Strona główna • Letnie Grand Prix

Kuttin: Adamem się nie martwcie...- wypowiedzi po zawodach w Hinterzarten

Po konkursie indywidualnym w Hinterzarten, najlepsza trójka (Loitzl, Ahonen oraz Morgenstern) spotkała się z dziennikarzami na konferencji prasowej.

Wolfgang Loitzl: Nie liczyłem na to, że mogę wygrać. Spekulowałem tylko, że mogę być wśród grona tych najlepszych. Ale zwycięstwo przyszło dla mnie niespodziewanie. Nie mogę jeszcze tego wszystkiego pojąć... Jeszcze nie mogę cieszyć się to chwila, bo to po prostu do mnie nie dociera, że stoję na szczycie podium. Pewnie to przyjdzie z czasem. Nastrój w naszej drużynie jest wspaniały, z reszta jak mogłoby być inaczej?

Alexander Pointner: Ludzie często pytają, co się dzieje z Loitzlem, ta wygrana jest ogromnie motywująca i dla niego i dla nas.

Janne Ahonen: Jestem zadowolony z tego weekendu. Moje skoki podczas zawodów były dobre, nie tak jak na treningach. Jestem na dobrej drodze, mimo iż nie przygotowywałem się jakoś specjalnie do tych konkursów. Oddałem około 160 skoków na igielicie, czyli tyle ile w zeszłym roku o tej porze, a w zimie osiągnąłem sukces.

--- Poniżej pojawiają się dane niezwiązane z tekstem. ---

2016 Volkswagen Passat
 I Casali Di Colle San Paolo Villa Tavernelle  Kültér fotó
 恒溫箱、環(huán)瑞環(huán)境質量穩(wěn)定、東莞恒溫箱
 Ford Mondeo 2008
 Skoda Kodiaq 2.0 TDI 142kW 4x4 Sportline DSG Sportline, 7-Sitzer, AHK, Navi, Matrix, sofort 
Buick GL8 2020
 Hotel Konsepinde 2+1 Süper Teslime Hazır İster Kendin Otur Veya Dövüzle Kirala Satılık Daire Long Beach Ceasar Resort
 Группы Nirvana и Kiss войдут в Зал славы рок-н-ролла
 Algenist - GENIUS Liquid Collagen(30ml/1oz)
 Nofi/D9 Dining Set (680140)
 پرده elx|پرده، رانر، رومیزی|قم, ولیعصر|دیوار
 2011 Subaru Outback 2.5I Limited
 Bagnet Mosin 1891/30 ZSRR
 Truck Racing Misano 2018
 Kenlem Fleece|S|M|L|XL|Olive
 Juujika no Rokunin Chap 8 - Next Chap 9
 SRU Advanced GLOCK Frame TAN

Tommi Nikunen: Jesteśmy na dobrej drodze. Oczywiście widzę jeszcze drobne błędy, ale jest lepiej niż w innych latach o tej samej porze.

Heinz Kuttin: Krystian zadziwił sam siebie. Liczę, że w następny weekend w Einsiedeln i Courchevel powalczy o jeszcze wyższe miejsca, tym bardziej, że tam zabraknie kilku czołowych zawodników. A Adamem się nie martwcie. Wszystko jest w porządku. Letnia Grand Prix to tylko trening, a nikt nie oddaje na treningu samych dobrych skoków.

Thomas Morgenstern: Wynik drużyny jak i każdego zawodnika indywidualnie jest dobry. W mojej głowie ciągle „siedzi" pomysł, żeby wygrać, to jest powód, dlaczego nie jestem całkowicie szcześliwy. Jeżeli udałoby mi się oddać takie same skoki jak na treningu byłbym na szczycie.

Georg Spaeth: Ten drugi skok, był odpowiedni. W pierwszy miałem problemy na progu. Te zawody wiele nie pokazały, ale wiemy, że jesteśmy na dobrej drodze i wierzę, że mogę być w czołówce.

Peter Rohwein: W sumie jestem zadowolony z tego weekendu. To nic, że w niedzielę nie mieliśmy szczęścia do wiatru. Chłopcy ciężko pracowali w czasie treningów, potwierdziły to rezultaty przez nich osiągane.